When she returned to the gym, thirteen minutes had passed. Thirteen minutes on the toilet. Of course, they would realize something was wrong … of course, of course, damn, Knaake was sitting at the desk now. She didn’t see the history teacher anywhere.

“Mrs. Meyer’s gone for a cup of coffee,” Knaake said in a very low voice, looking up at her. Then he looked at his watch and noted the time on a sheet. “I just hope this watch is correct,” he mumbled. “Gotta reset it one of these days …”

She wanted to hug him. She just nodded. According to what he’d jotted down, she’d been gone for only five minutes.

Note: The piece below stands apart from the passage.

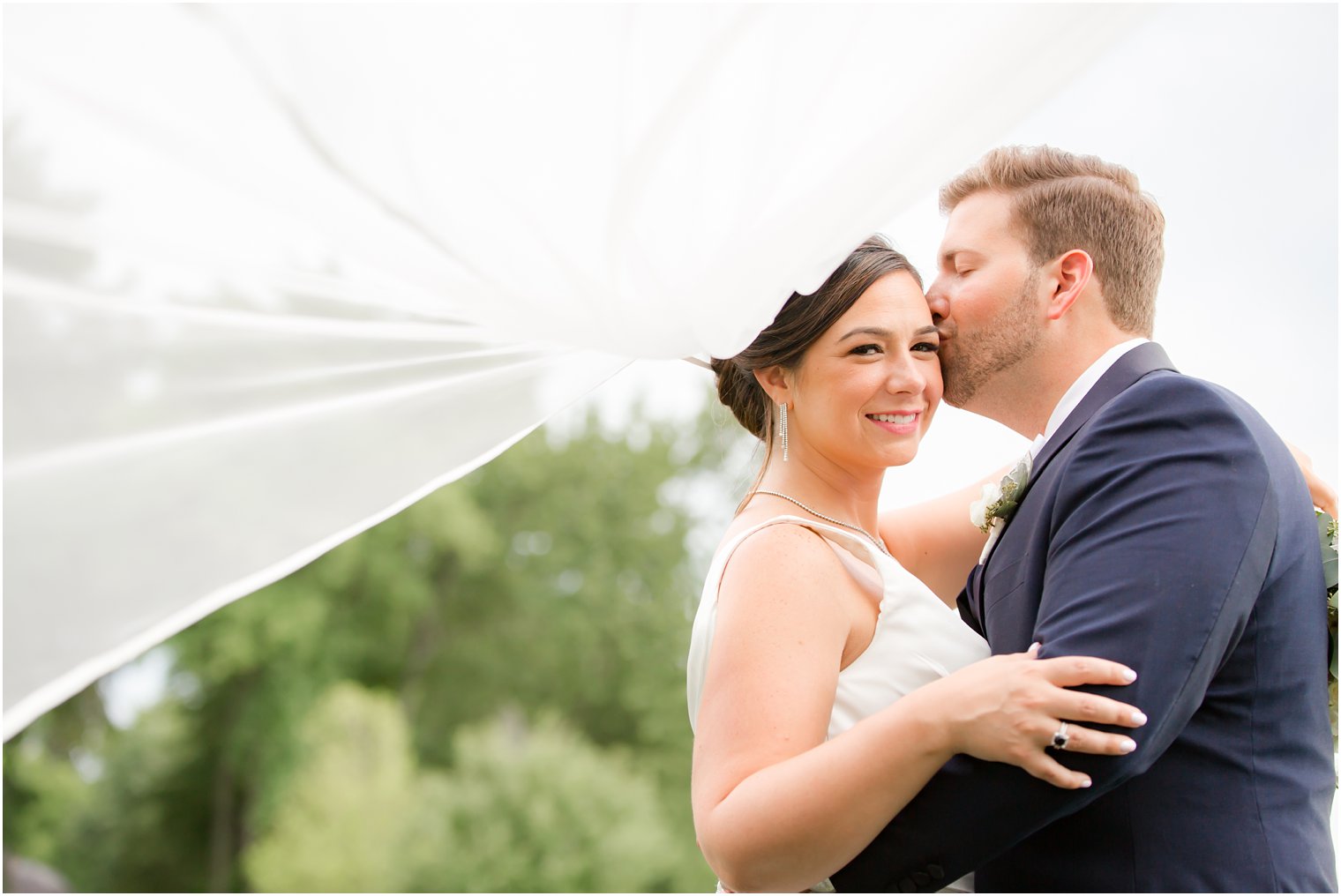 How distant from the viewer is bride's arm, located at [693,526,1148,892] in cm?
215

She threw Abel a short glance before she sat down again. Seven minutes later, he got up. Possibly it was more than seven minutes later—at least by Knaake’s watch. She tried to concentrate on the second set of questions and to remember the answers she’d already written down in keywords on a ten-euro note. Abel had to find the right toilet now. He had to memorize the dates and facts, or to remember them if he’d already learned them once. He couldn’t take that bill with him; he’d have to destroy it. What would he do with it? Tear it up and flush it down the toilet? She’d never thought this could work … Abel returned a few minutes after the history teacher, who came back with a cup of coffee. Knaake noted the time before handing the sheet back to his colleague. Abel sat down without looking at Anna. She didn’t dare turn around to see if he was writing.

After the test, Anna stood outside in the cold schoolyard with Gitta and the others, watching them smoke. It would have been too conspicuous to walk over to Abel now. The others seemed to have forgotten Wednesday’s gossip; they were talking about the test. Hennes had his arm around Gitta’s leather-jacketed waist, Frauke was talking to Gitta, and Bertil came and stood with them.

“So how was it?” he asked.

Anna looked at him. She didn’t want to talk to him. But his question was honest, and it seemed like ages ago that he’d said the things in the Mittendrin that he shouldn’t have said. She searched for her anger but couldn’t find it anymore.

“It was all right,” she replied. “But I’m not feeling so well … I got sick in the middle of it …”

“Poor lamb,” Gitta said. “That’s why you were gone for so long. You’re pale, too.”

Anna hoped that Bertil didn’t see her wink. He didn’t. He put a hand on her arm, worried. “Maybe you should go home.”

“It’s okay,” she said. “Probably it was just nervousness.”

“Sometimes it helps to get fresh air,” Bertil went on. “To clear your head, I mean. The sea has frozen totally now. I was thinking about going out to Eldena later … we could go together. If you want to.”

“The sea’s frozen?” Frauke asked. “Do you think it’s possible to walk to the other side of the bay, to Ludwigsburg?”

Bertil nodded. “Sure. I was at the beach yesterday, took our dog. He likes running over the ice. It’s nice to be at the beach alone, in winter, at dusk …”

“I thought your dog died,” Frauke said, giving a little shudder. “I thought your father shot him.”

“That was a long time ago,” Bertil replied, looking into the distance. “We have a new dog. Things are replaceable: dogs, friends, people … what do you think, Anna? Are you coming with me? I know you sometimes go for walks out there.”